TREN memperoleh obat-obatan tertentu lewat jasa titip (jastip) tak ditampik memang tengah populer di kalangan masyarakat Indonesia.
Masyarakat Indonesia rela membeli obat di luar negeri lewat jalur jastip, karena seperti disebut Kepala Biro Komunikasi dan Pelayanan Publik Kementerian Kesehatan, dr. Siti Nadia Tarmizi, M.Epid, harga obat-obatan tertentu di dalam negeri memang dibanderol jauh lebih mahal dibandingkan harga di luar negeri.
"Obat generik kita memang murah, tapi begitu obat yang bermerek nah itu ada yang dua kali lipat ada tiga kali lipat dari harga kita di sini,” kata dr. Nadia, kala ditemui di Gedung Kementerian Kesehatan, Jakarta, baru-baru ini.
"Bahkan studi kecil yang dilakukan, itu yang jastipnya cuma 5 persen sampai 15 persen itu masih lebih murah obatnya yang pakai jastip," sambungnya.
Dari sekian banyak jenis obat, beberapa jenis obat tertentu diketahui paling populer dijadikan obat jastipan.
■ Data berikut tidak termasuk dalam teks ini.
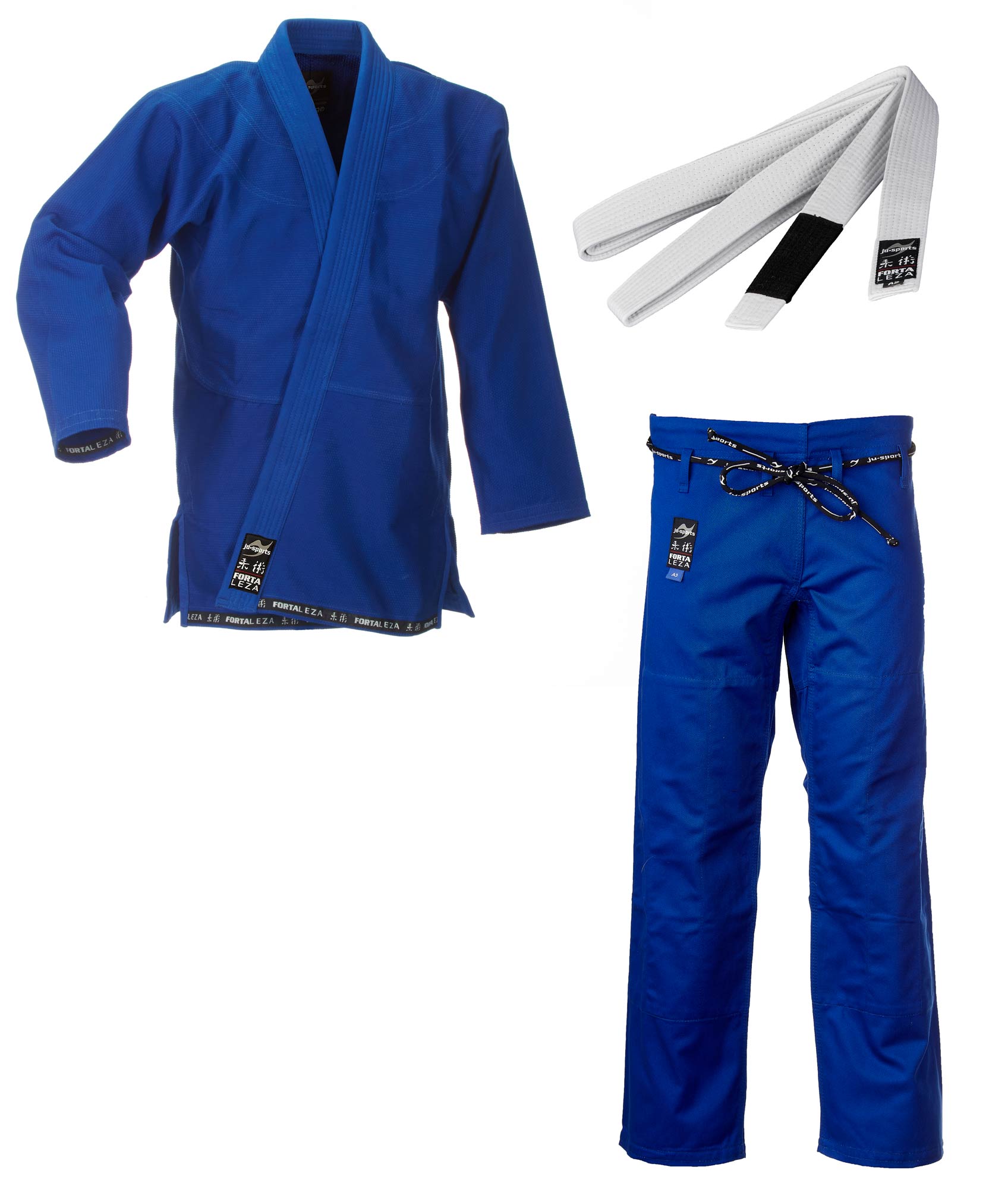 BJJ Starter Gi Fortaleza blau + BJJ Gürtel weiß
Contohnya obat untuk penyakit kanker, obat penyakit jantung, vitamin, obat penyakit diabetes, hingga obat-obat bermerek.
Meminimalisasi praktik jastip obat makin marak, dr. Nadia mengatakan para pihak terkait, bisa melaporkan apa saja jenis obat yang memang begitu dibutuhkan oleh masyarakat.
"Terutama itu obat kalau enggak ada, obat kanker karena terbatas sekali di sini. Harus ada distributor yang mendaftarkankan, contoh Yayasan Kanker itu yang bisa mendaftarkan obat ini jadi obat kanker,” jelasnya.